Agar hati manusia selalu dapat menjadi cermin yang bening, ia harus senantiasa berusaha memurnikan diri dengan jalan menguasai nafsu-nafsu rendah serta mengikuti perjalanan hidup para nabi melalui berbagai latihan kerohanian (riyadlah). Inilah yang menerangkan mengapa di lingkungan pesantren dan di kalangan para penganut tarekat, riyadlah atau latihan kerohanian dalam berbagai bentuk amalan sunnah --salat sunnah, puasa Senin, Kamis, puasa Nabi Daud, dan lebih-lebih usaha senantiasa mempertautkan diri dengan Allah melalui dzikirmerupakan hal yang sangat sentral dalam kehidupan sehari-harimereka.

Melaksanakan secara intensif berbagai amalan sunnah tersebut tak lain merupakan usaha mengamalkan sebuah hadits Qudsi sebagai berikut:

"Kepada orang yang memusuhi Wali-Ku, akan Kunyatakan perang. Ibadat yang paling mendekatkan Hamba-Ku, sehingga Aku sayang kepadanya adalah menunaikan semua perintah yang telah Aku berikan. Hamba-Ku adalah mereka yang mendekatkan dirinya kepada-Ku dan melakukan pula hal-hal sunnah yang Aku cintai. Apabila Aku telah mencintainya, maka Aku-lah yang menjadi telinganya yang dipakai untuk mendengar. Aku-lah matanya untuk melihat, Aku-lah tangannya untuk bekerja, dan Aku-lah kakinya untuk berjalan. Apabila dia meminta kepada-Ku akan Aku beri, dan apabila ia meminta perlindungan akan Aku beri. " (Riwayat Bukhari dan Abi Hurairah)

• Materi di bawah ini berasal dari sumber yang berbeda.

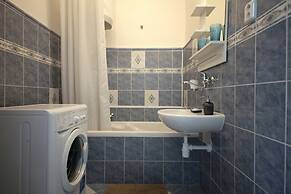 Angel City Apartments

Apabila seseorang telah melaksanakan berbagai ibadah secara intensif, hal itu dalam pandangan kesufian tidak secara otomatis merupakan jaminan bahwa orang tersebut akan sampai pada tujuan hakiki dari ibadah yakni terjalinnya hubungan konstan dengan Allah. Ibadah ritual akan jatuh nilainya menjadi seremonial tanpa isi jika ibadah tersebut dilaksanakan tanpa sikap batin yang dipimpin semata-mata oleh harapan memperoleh ridha Allah.

Sebaliknya sikap batin yang tidak diaktualisasikan dalam bentuk pelaksanann ibadah sebagaimana yang dituntunkan syariat dan dicontohkan oleh Nabi, dipandang sebagai kesombongan spiritual, yang menjurus kapada zindiq (penyelewengan). Dalamkaitan ini Imam Malik, salah seorang pendiri mazhab fiqih yang terkenal, mengatakan bahwa siapa yang bertasawuf tanpa mengamalkan fiqh, ia zindiq dan siapa yang mengamalkan fiqh tanpa bertasawuf, ia fasiq (tak bermoral).

Agar ibadah ritual benar-benar dapat bermakna dan tak jatuh ke nilai seremonial yang tanpa isi, maka di kalangan kaum sufi ibadah ritual selalu dibarengi bahkan didahului oleh penggeledahan dan interogasi diri:
Apakah ibadah yang kita lakukan sudah benar-benar karena Allah dan bukannya karena yang lain?